Es wird ein langer Weg. Die Debatte um die Schulformen ist immer noch völlig verkrustet, ich weiß das. Gerade deshalb brauchen wir eine Reformbewegung, die von innen heraus zeigt, dass auch hoch begabte SchülerInnen durch inneres Differenzieren in der Klasse noch besser gefördert werden, als wenn man sie in eine Spezialschule steckt. Diese Bewegung wird deutlich machen, dass die Kinder durch eine andere, individuelle Lernförderung weiterkommen als im traditionellen System.

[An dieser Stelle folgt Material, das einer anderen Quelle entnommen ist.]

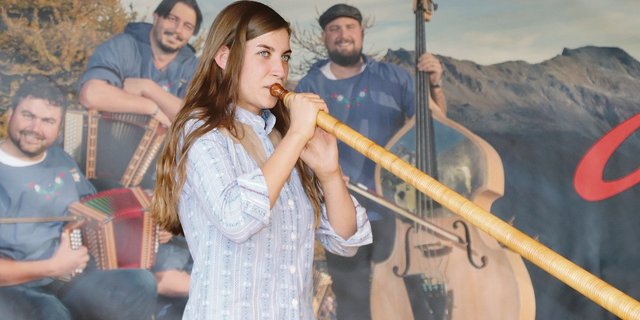 Lisa Stoll ist auf allen Bühnen dieser Welt präsent. Am vergangenen Wochenende feierte sie ihr zehnjähriges Bühnenjubiläum in ihrer Heimatgemeinde Wilchingen und begeisterte das Publikum.(Bild Roland Müller)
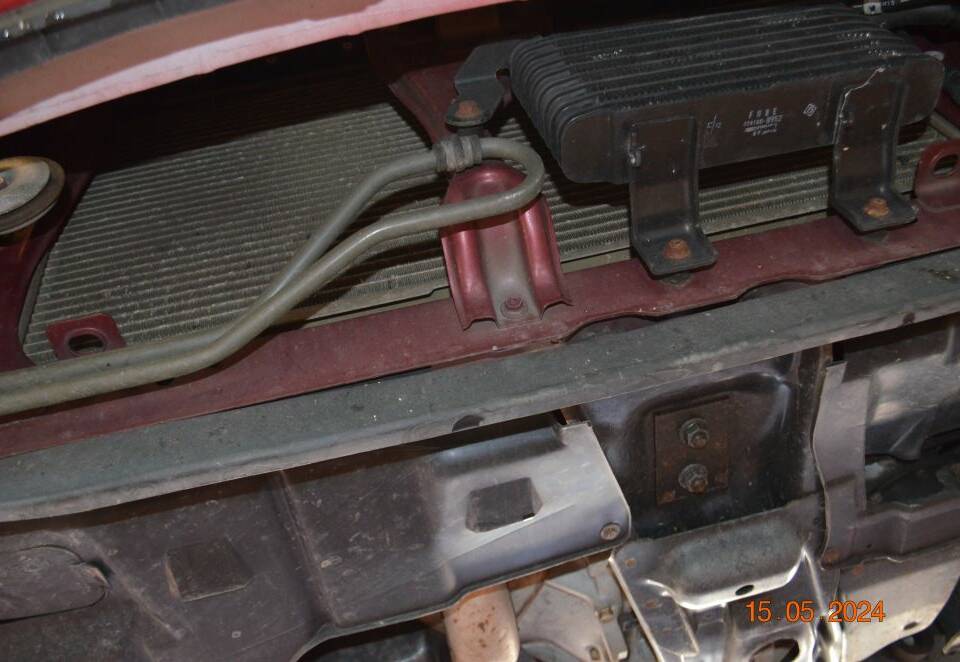 Image 37/38 of Mazda 626 2.0i (1994)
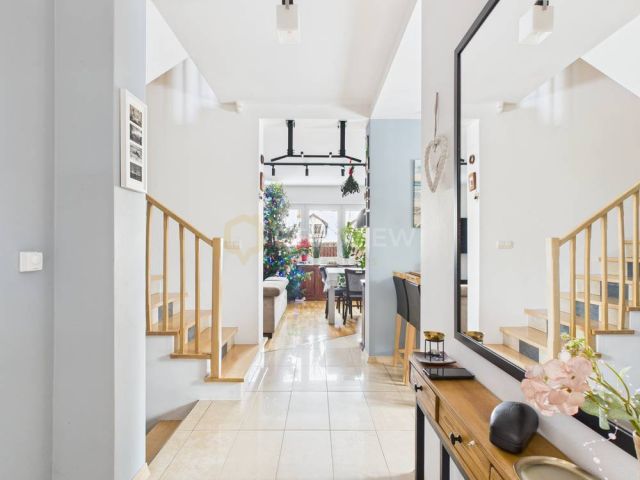 bliźniak, 4 pokoje Łomianki Dolne, al. Fryderyka Chopina. Zdjęcie 2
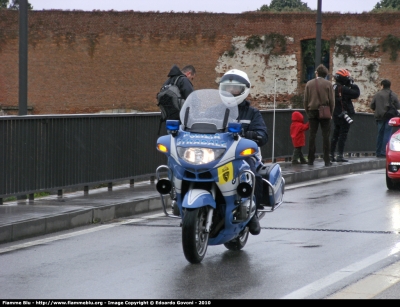 Bmw r850rt II serie
Polizia di Stato
Polizia Stradale
in scorta al Giro d'Italia 2010
Parole chiave: Bmw r850rt_IIserie Polizia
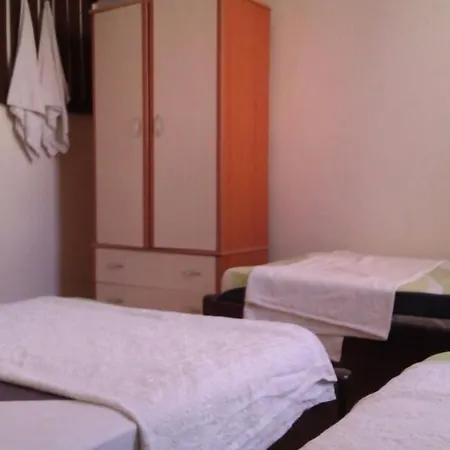 Pinara & * フェティエ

Welche Rolle spielt Pisa dabei?

Jenseits aller Details heißt die erschütternde Botschaft von Pisa: Ihr beginnt zu spät mit dem Lernen – und ihr sortiert die Schüler zu früh. In keinem System der Welt ist der Zusammenhang zwischen sozialer Herkunft, zwischen Elternhaus und Bildungschancen so hoch.

Wenn Sie ein so großes Rad drehen wollen, wäre es dann nicht notwendig, andere Bündnispartner zu gewinnen?

Die Initiative ist schon jetzt sehr weit gespannt, auch die Eltern sind ja etwa über den Bundeselternrat mit von der Partie. Aber unser Netz wird sich um soziale Institutionen und Partner aus der Wirtschaft erweitern. Daran sind das Handwerk und die Industrie sehr interessiert.